加えて、はた目から見ると献身的な妻も実は気が強く口が悪い。そんな役柄を吉岡里帆が自然体に演じ、好感が持てます。揃ってヤンキー気質のこの2人のタッグならば、危険を冒しても村人がひた隠す真相に迫っていけるのではないか。そんな期待まで持ててしまうのです。
村社会で生まれたカニバリズム
物語の舞台は都会から遠く離れた山間にある「供花村(くげむら)」という名の架空の村で、住民もこれまた表と裏の顔があるキャラクターだらけです。なかでも村を支配する一家は怪しさに満ち、次期当主の後藤恵介を笠松将が、元当主の後藤銀を倍賞美津子が演じています。

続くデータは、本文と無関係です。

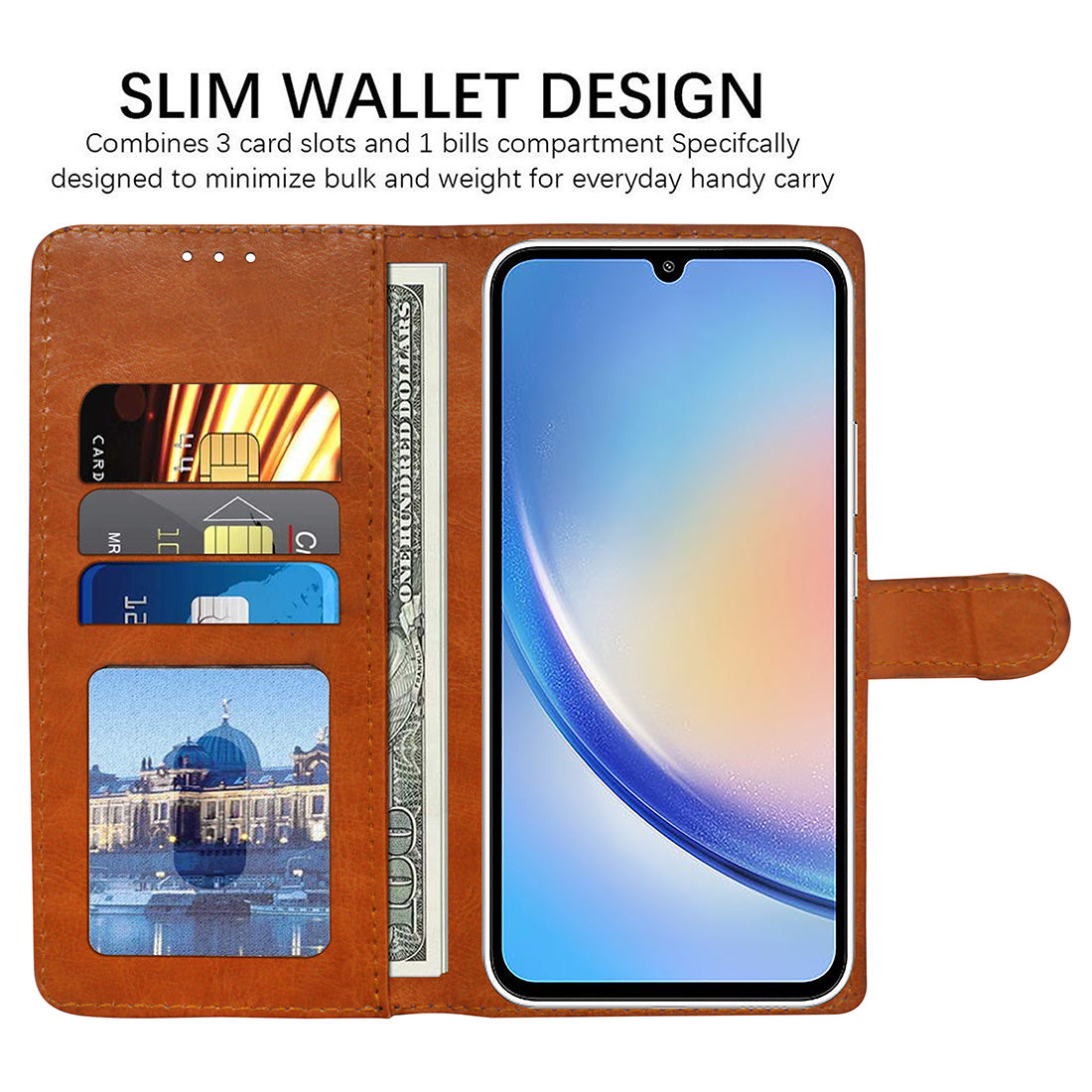 Premium Wallet Flip Cover for Samsung Galaxy A34 5G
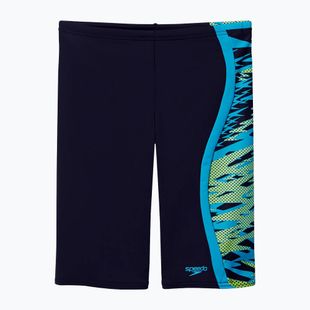 Dětské plavky jammer Speedo Hyperboom Splice Jammer anthracite/hyper teal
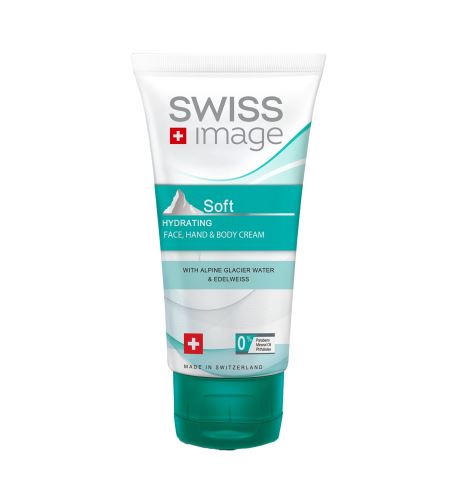 Swiss Image Body Care Soft Hydrating Face, Hand & Body Cream хидратиращ крем за лице, ръце и тяло 75 мл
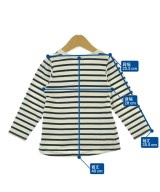 petit main（プティマイン）Tシャツ・カットソー 白 サイズ:100(3T-4T) キッズ/2200654092064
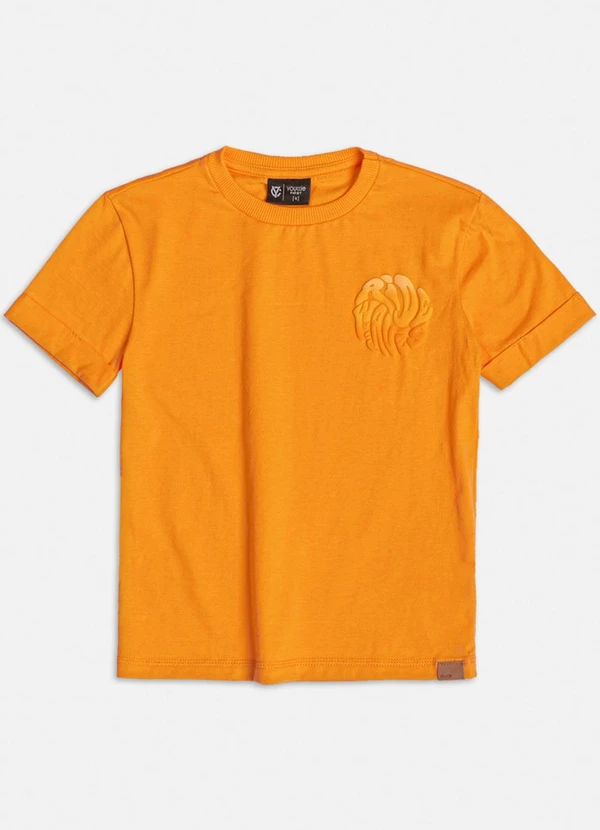 Youccie - Camiseta com Estampa de Lettering Laranja 3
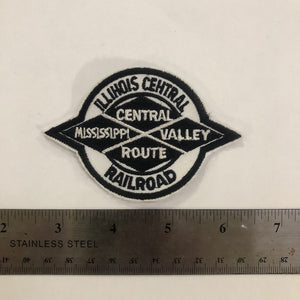 18oz Duck Canvas Navy Vintage HAT Patch 70s "Illinois Central Railroad" Patch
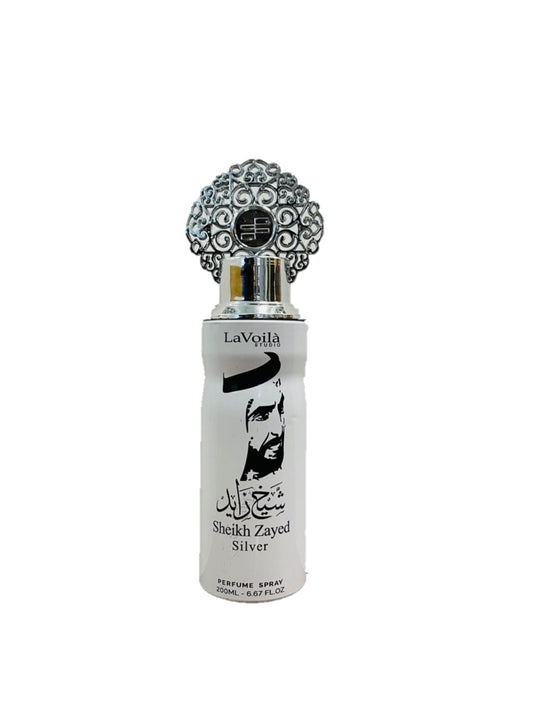 Sheikh Zayed Silver Perfume Spray - Trillingo Express Online Marketplace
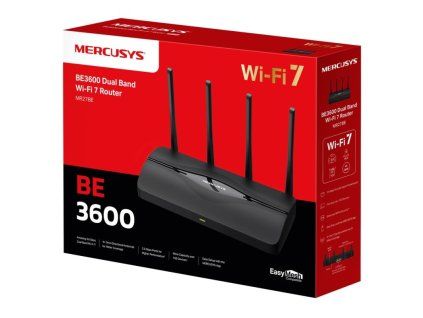 MERCUSYS MR27BE, BE3600 Dual-Band Wi-Fi 7 Router MR27BE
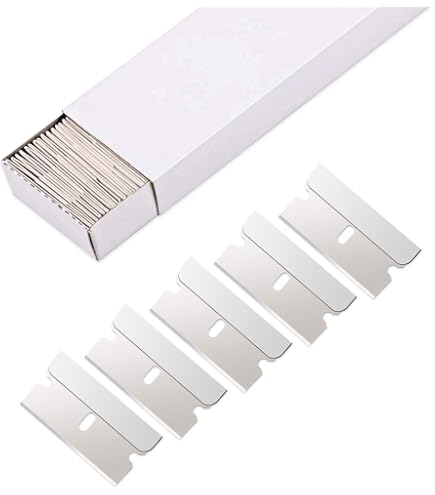 Grattoir, Grattoir Vitre avec 20 Pièce Lames de Rechange, Grattoir Plaque Vitrocéramique pour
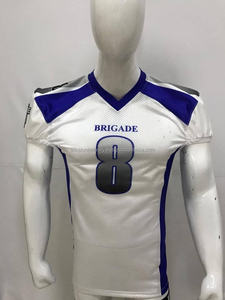 Nouvel arrivage Uniforme de football américain sur mesure pour vêtements de sport Uniforme de football américain à manches courtes grande taille - Product Image 6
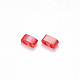 2-Hole Baking Painted Transparent Glass Seed Beads(X-SEED-S031-M-254)-2
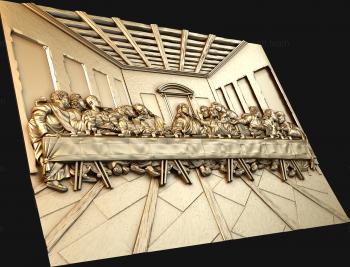 3D model The last supper (STL)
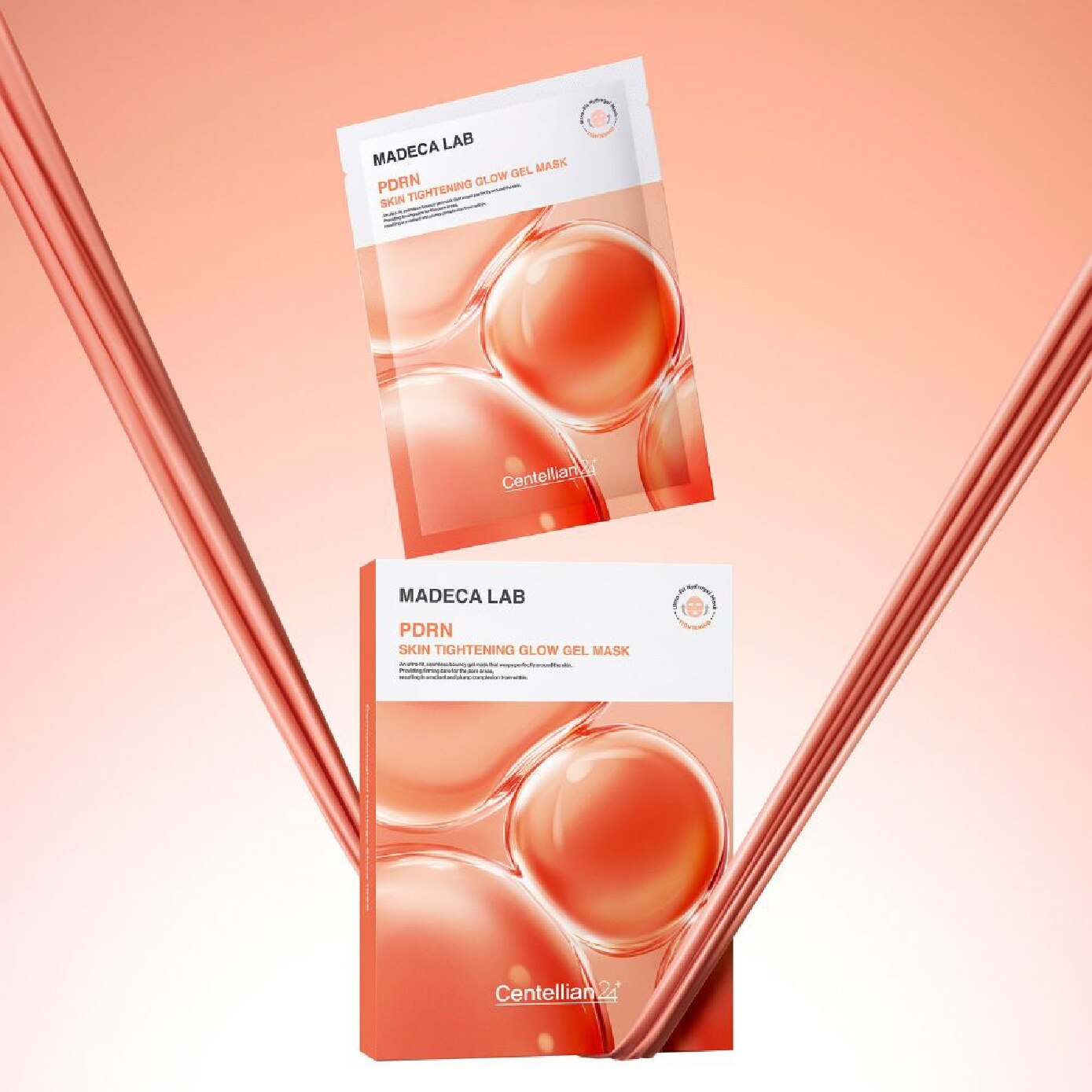 Madeca Lab PDRN Skin Tightening Glow Gel Mask 5s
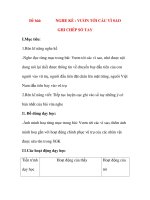 Giáo án Tập Làm Văn Lớp 3: Đề bài: NGHE KỂ : VƯƠN TỚI CÁC VÌ SAO pot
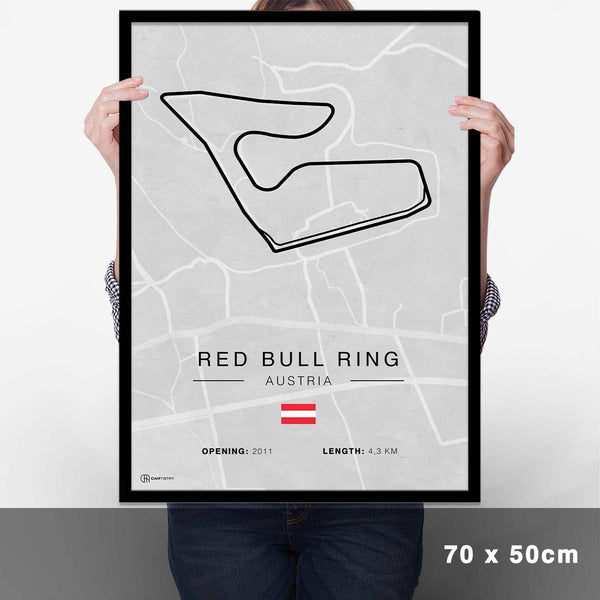 Lade das Bild in den Galerie-Viewer, Red Bull Ring Rennstrecken Poster - Hell - Cartistry
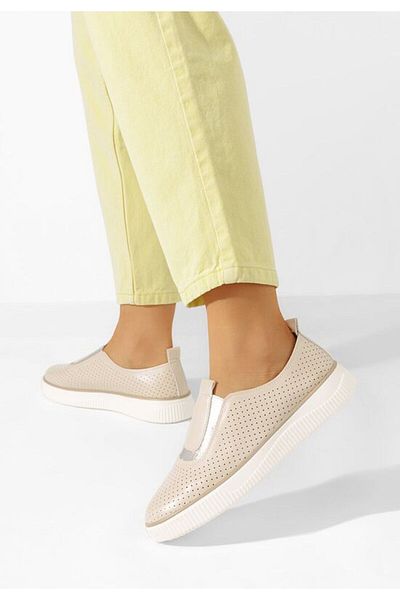 B T Shoes Lilianna women's beige espadrilles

この後藤一族の排他的で異常性のある言動が人喰いの噂とどう関係しているのかは、回が進むごとに明らかになってきます。
劇中に直接的な残虐描写もありますが、謎を解き明かしながら不安をじっくり増幅させていく展開こそドラマ「ガンニバル」の怖さにあります。世界にも評価される日本のホラー映画に見られるような恐怖の作り方です。
さらに、村社会で生まれたカニバリズムという設定を大いに生かして、リアリティさまで感じるほどです。風変わりな掟や慣習も疑わず、村八分の制裁を受けるぐらいならそれを守り抜こうと強迫観念さえ生まれてしまうのは、閉鎖されたコミュニティ特有のものであることがありありと伝わってきます。
倫理観や科学的根拠もここでは意味がないことを植え付けてくるので、余計に恐怖を覚えるのです。同じように村を舞台にしたヒットホラー映画「ミッドサマー」に通じるものがあります。